Hello, everyone! In this markdown file, we'll be covering the usage of regular expressions in a few other languages by showing you each language specific syntax, and some Useful Regex Supporting API methods. Feel free to go through the whole file or use the navigation index below.
In JavaScript, you can define regex patterns using single-, double-quoted, or template strings. An alternative to strings is RegExp instances, that can be declared using the RegExp Constructor or the literal notation(double forward slash).
const sentence = "The quick brown fox jumped over the lazy dog"
// Regex Literal
const thePattern = /the/
// RegExp Instance
const thePattern1 = new RegExp("the")
const thePattern2 = new RegExp(thePattern)
It Tries to match the pattern on the target string. This method returns null if none (or an array) is found. If you are applying the global flag to the expression, the content of the array will be all the captured occurrences; if not, the array will contain a single match along with additional information about the captured value, such as its index, groups, and the targeted string.
const sentence = "The quick brown fox jumped over the lazy dog"
const pattern = /the/
console.log(sentence.match(pattern));
This method splits the string and returns an array containing the splitted values. The separator parameter determines the positions where the string will be splitted. This parameter can be either a string, or a regular expression. On the example below, we're separating the string on each vowel.
👀 Observation
Note that the splitted string array does not include the separators.
const sentence = "The quick brown fox jumped over the lazy dog"
const separatorPattern = /[aeiou]/
console.log(sentence.split(separatorPattern));
This method replaces a value on the string with another; it can be a character, a word or a full sentence.
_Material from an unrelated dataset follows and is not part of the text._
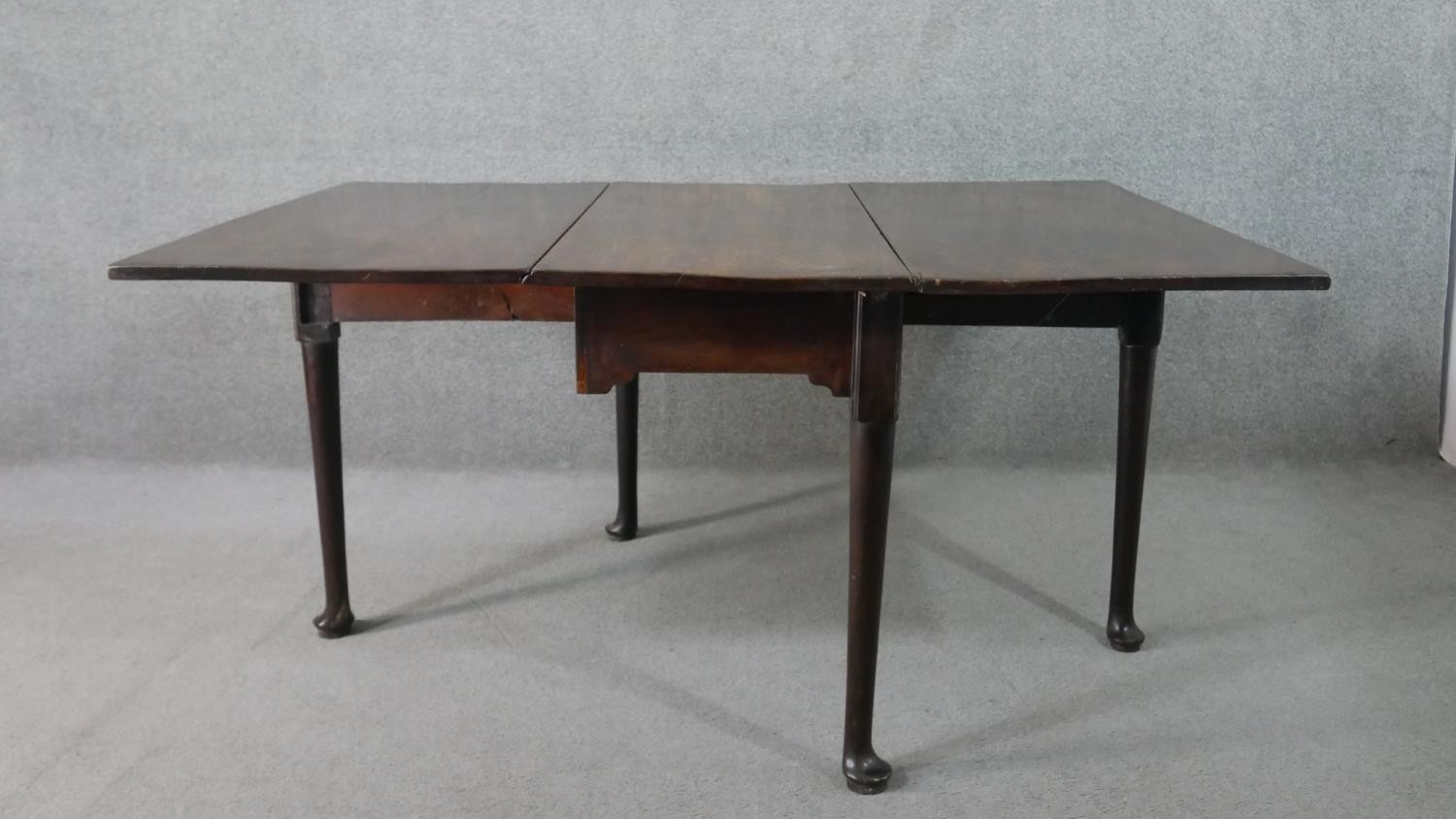 A mid 18th century mahogany drop leaf dining table, with a rectangular top, the legs with pad - Image 3 of 7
The first parameter(searchValue) can be either a string or a regular expression, which will search for the value or values that will be replaced; the second parameter(replaceValue) is the value that will replace the captured value.
const sentence = "The quick brown fox jumped over the lazy dog"
const searchPattern = /o/
console.log(sentence.replace(searchPattern, "i"));
This method checks if the given string can be matched by the target regular expression and then returns a boolean.
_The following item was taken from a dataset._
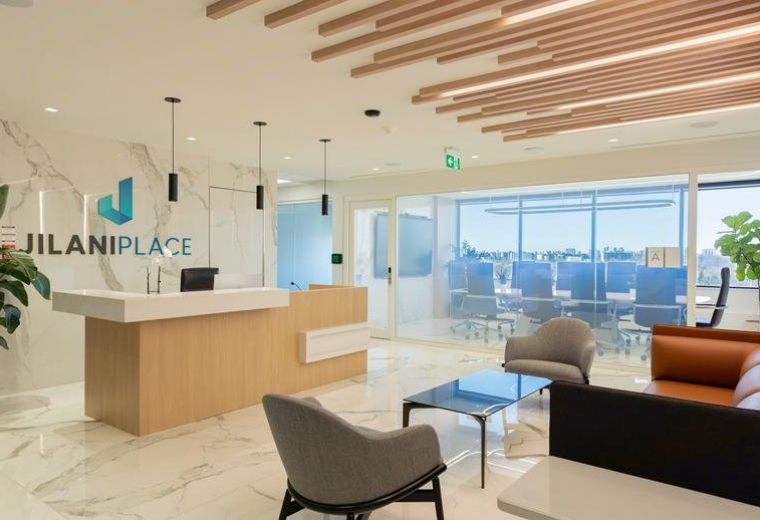 Spacious reception area at 295, The West Mall with wooden accents, marble floors, and lounge seating.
const sentence = "The quick brown fox jumped over the lazy dog"
const pattern = /quick/
console.log(pattern.test(sentence))
This method works similarly to the match method, but with a few key differences.
- It returns only one match, regardless of the presence of the global flag.
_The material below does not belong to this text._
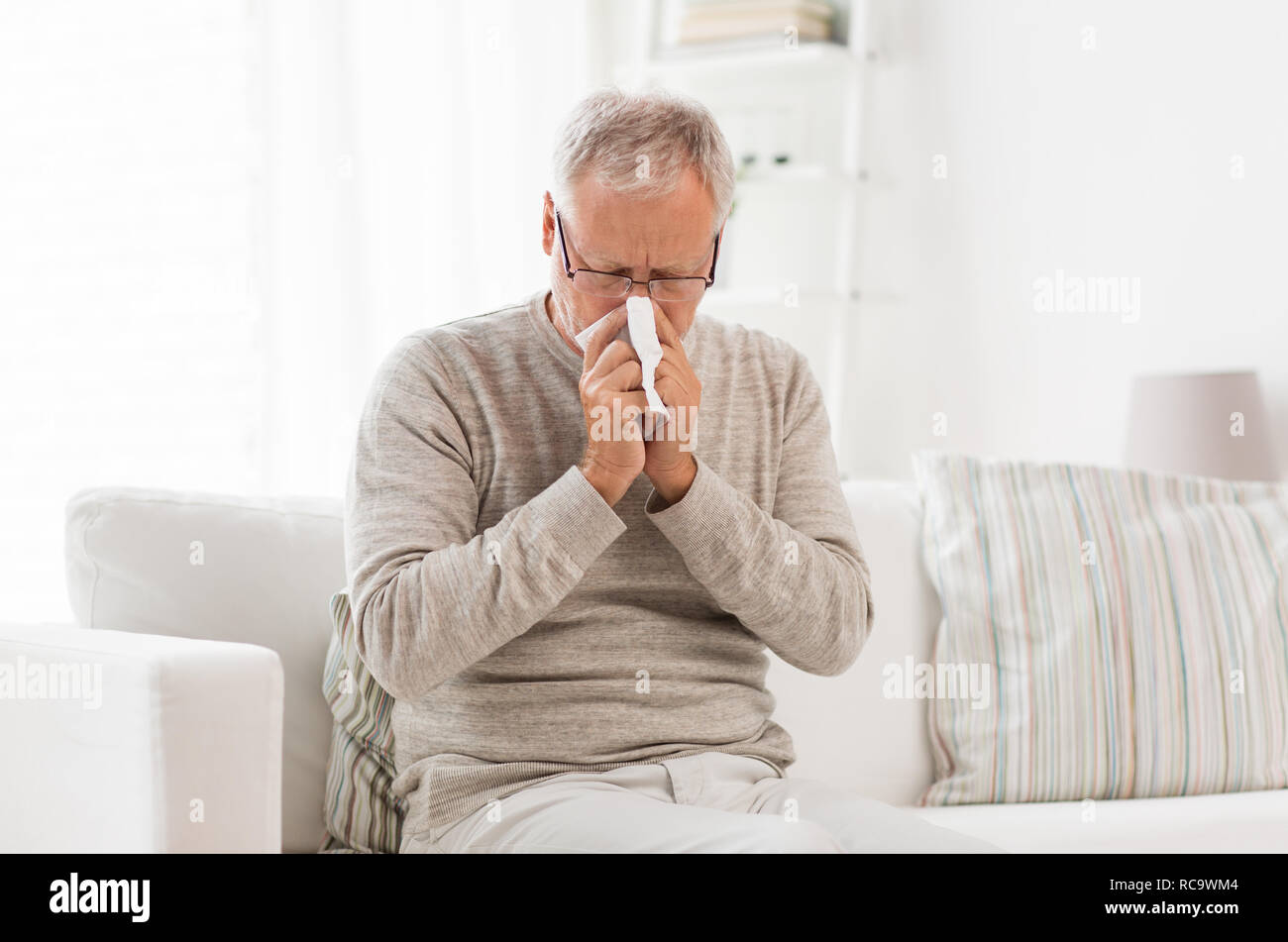sick senior man with paper wipe blowing his nose Stock Photo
- Modifies some properties on the RegExp Instance after the match. If you are interested in knowing which values are modified, here's the documentation link for reference. Take a look at the Description section.
const sentence = "The quick brown fox jumped over the lazy dog"
const pattern = /o/
const pattern2 = /o/g
// Both produce the same output
console.log(pattern.exec(sentence))
console.log(pattern2.exec(sentence))
Regex patterns in Go can be defined with strings. You can either use regular double-quoted strings(requires double escaping just like in JavaScript) or literal strings, which are declared with backticks and do not require Double escaping.
package main
import (****
"regexp"
)
func main() {
sentence := "The quick brown fox jumped over the lazy dog"
thePattern := `the`
theSecondPattern := "the"
}
Alternatives to standalone Strings are the Compile and MustCompile methods. Both expect a double-quoted or literal String pattern, parses it to a RegExp instance, which can then be used against text.
📘 Compile Vs MustCompile
There's a slight difference between these two methods: Compile returns two values, a regexp instance and an error object, while the MustCompile returns only the regexp instance, but panics if something happens in the parsing process.
package main
import (
"regexp"
)
func main() {
sentence := "The quick brown fox jumped over the lazy dog"
pattern := `the`
cRegexpInstance, err := regexp.Compile(pattern)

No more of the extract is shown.